** Supplied data follows **

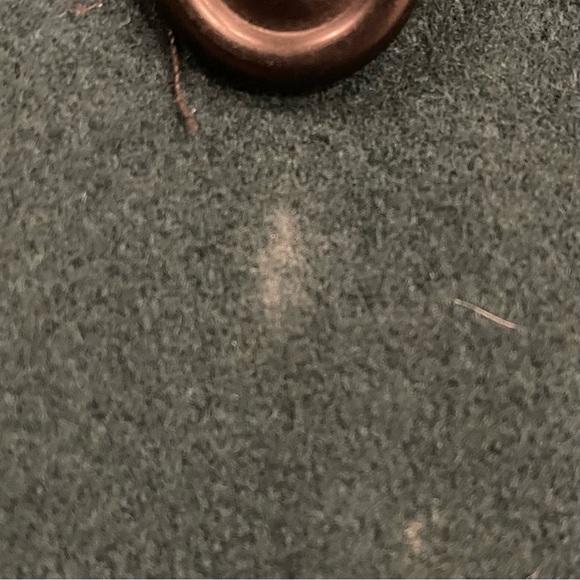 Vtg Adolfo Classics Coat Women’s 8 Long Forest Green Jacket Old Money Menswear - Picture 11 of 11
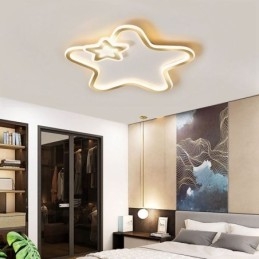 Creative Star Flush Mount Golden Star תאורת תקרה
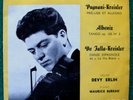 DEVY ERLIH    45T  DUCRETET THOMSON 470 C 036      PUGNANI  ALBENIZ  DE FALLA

** End of Supplied data **

◆ **About this exercise**
For this exercise, transcribe the data exactly but without its pictures.

◆ **Task response**
 Vtg Adolfo Classics Coat Women’s 8 Long Forest Green Jacket Old Money Menswear - Picture 11 of 11
 Creative Star Flush Mount Golden Star תאורת תקרה
 DEVY ERLIH    45T  DUCRETET THOMSON 470 C 036      PUGNANI  ALBENIZ  DE FALLA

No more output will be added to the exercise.